[Source records]

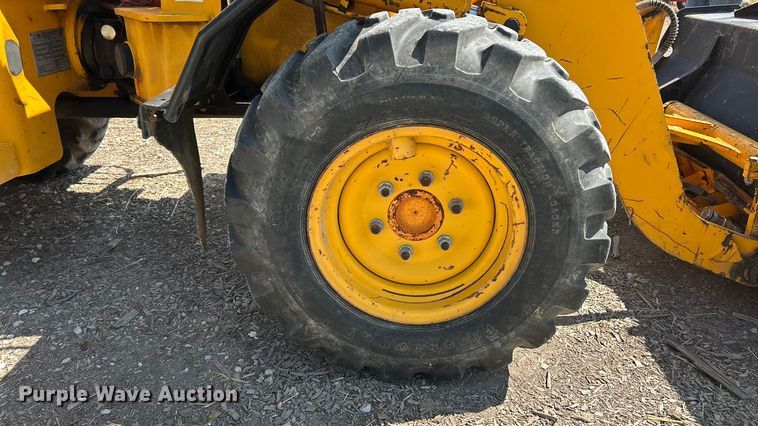 image for item ET3126 2000 JCB 407 wheel loader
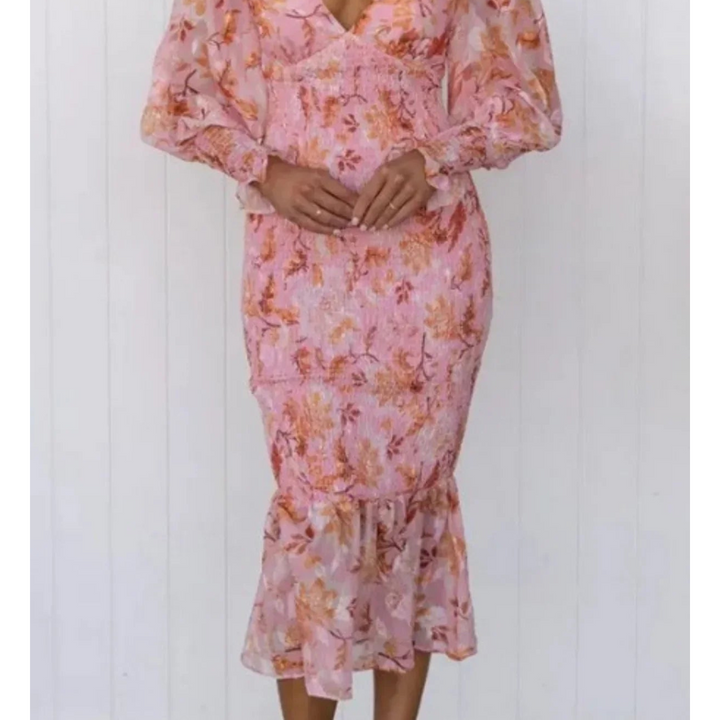 Ubbeline - Elegant Midi Dress with Floral Print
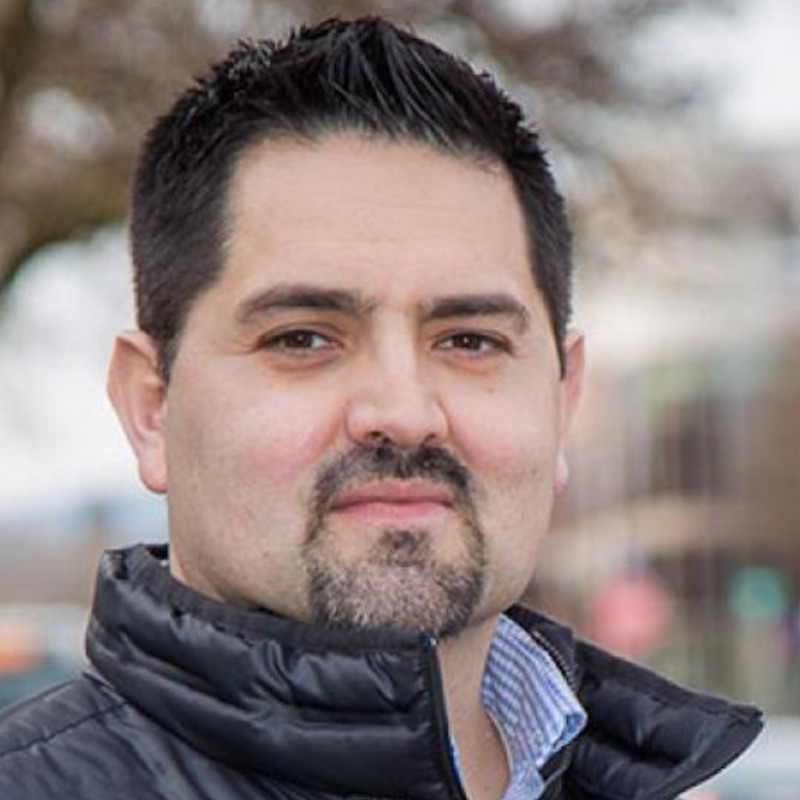 Dr Salvador Hernandez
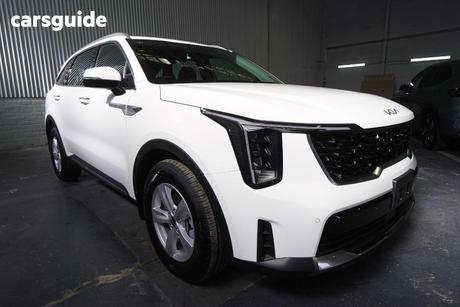 White 2026 Kia Sorento Wagon S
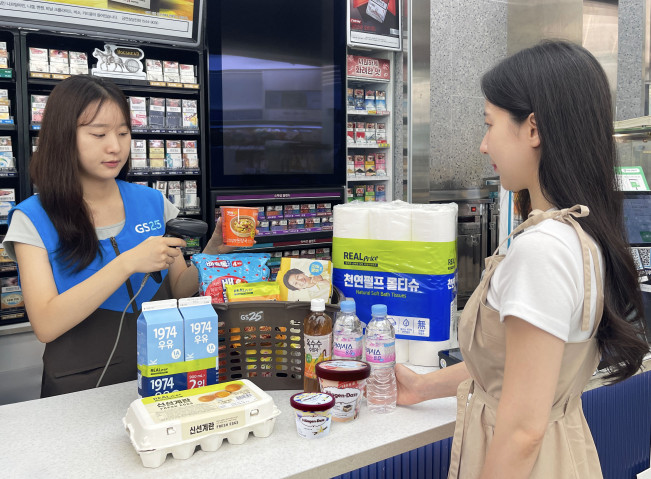 ▲GS25에서 소비자가 8월 행사 상품을 구매하고 있다. (사진제공=GS리테일)
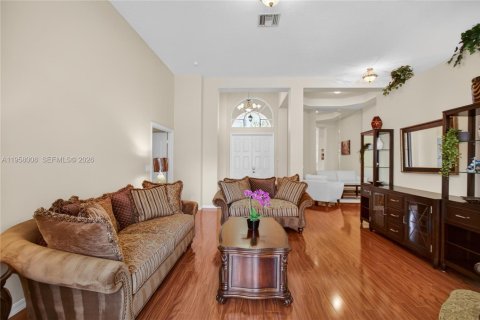 House in Pembroke Pines, Florida 5 bedrooms, 263.29 sq.m. № 2017470 - photo 25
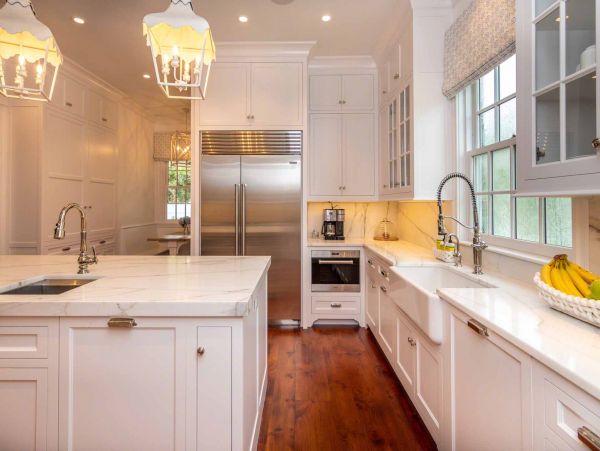 Cape Cod Home 994658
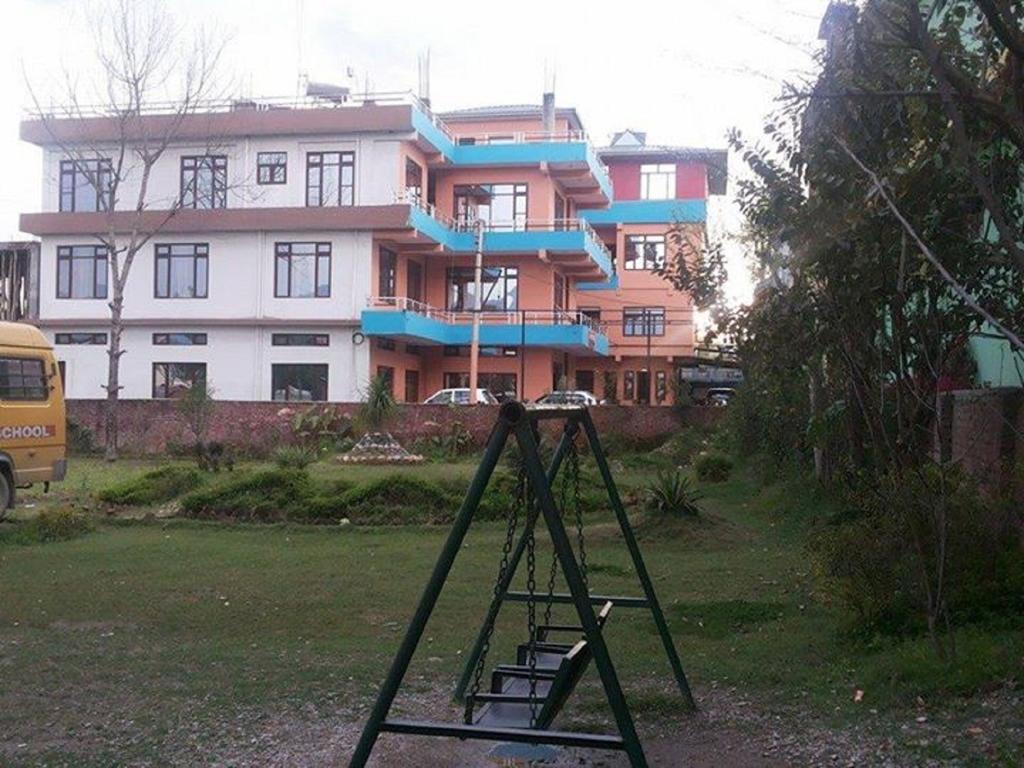 Himgiri Resort Nagchala Buitenkant foto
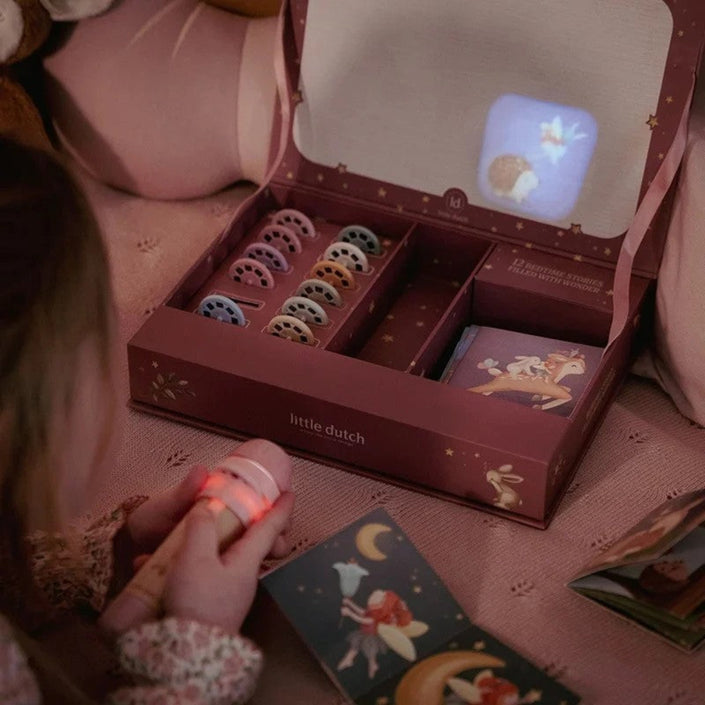 Little Dutch verhalen projector zaklamp set roze 3 jr+2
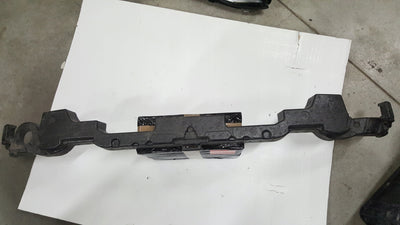 Absorber zderzaka przedniego AUDI A3 8Y0807550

*INSTRUCTIONS TO FOLLOW:*
Retype the records above word for word, from their first line through the line containing "House in Pembroke", and leave out every picture.

*WRITTEN RESPONSE:*
 image for item ET3126 2000 JCB 407 wheel loader
 Ubbeline - Elegant Midi Dress with Floral Print
 Dr Salvador Hernandez
 White 2026 Kia Sorento Wagon S
 ▲GS25에서 소비자가 8월 행사 상품을 구매하고 있다. (사진제공=GS리테일)
 House in Pembroke Pines, Florida 5 bedrooms, 263.29 sq.m. № 2017470 - photo 25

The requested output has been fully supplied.